LAND USE IN LA - Cue the “Imperial March.” 

In yet another self-righteous headline, the LA Times editorial board declaims: “Shame on SoCal leaders for backing a ballot measure to roll back housing fixes.” 

If it weren’t so absurd, one might rather describe the Times editorial board’s editorializing itself as “shameful.” 

If it weren’t so utterly divorced from reality, one might rather describe the Times editorial board’s editorializing as “chutzpah.”  There are so many factual errors, that it is difficult to know where to begin. 

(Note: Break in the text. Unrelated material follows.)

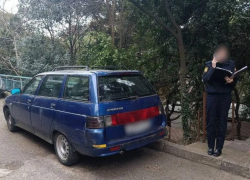 У жителя Сочи арестовали автомобиль за долги по коммуналке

If it weren’t in keeping with the LA Times’s shameful history of real estate boosterism and growth fetishism, one might describe the Times editorial board’s editorializing as a textbook definition of “hypocrisy.” 

It probably doesn’t help much to call out shills, who evidently know no shame, as shameful. 

The editorial is the latest in a series of propaganda pieces in the service of the forced densification, a proxy war on single-family neighborhoods and homeownership, and a retrograde defense of the further commodification of housing, as the Times bids fair to be the paper of record for the Urban Growth Machine. 

The Our Neighborhood Voices Initiative is the brainchild of Redondo Beach mayor Bill Brand, whom I’ve known for over a decade.  Simply stated, Bill is one of the most decent, thoughtful, straightforward people I’ve ever met.  No hidden agendas, no ideologies and no bullshit.  To get that in an elected official is exceedingly rare. 

In attacking Bill, the LAT editorial board suggests that the Our Neighborhood Voices initiative is a “knee-jerk reaction” to SB9, a recent bill from Sacramento that would allow by right lot splits and up to 6 units where one previously was allowed.  It is one of a veritable myriad of real estate bills from Sacramento that has weaponized the planning process (RHNA, for example) and handcuffs cities by imposing one-size-fits-all measures on land use and planning throughout the state.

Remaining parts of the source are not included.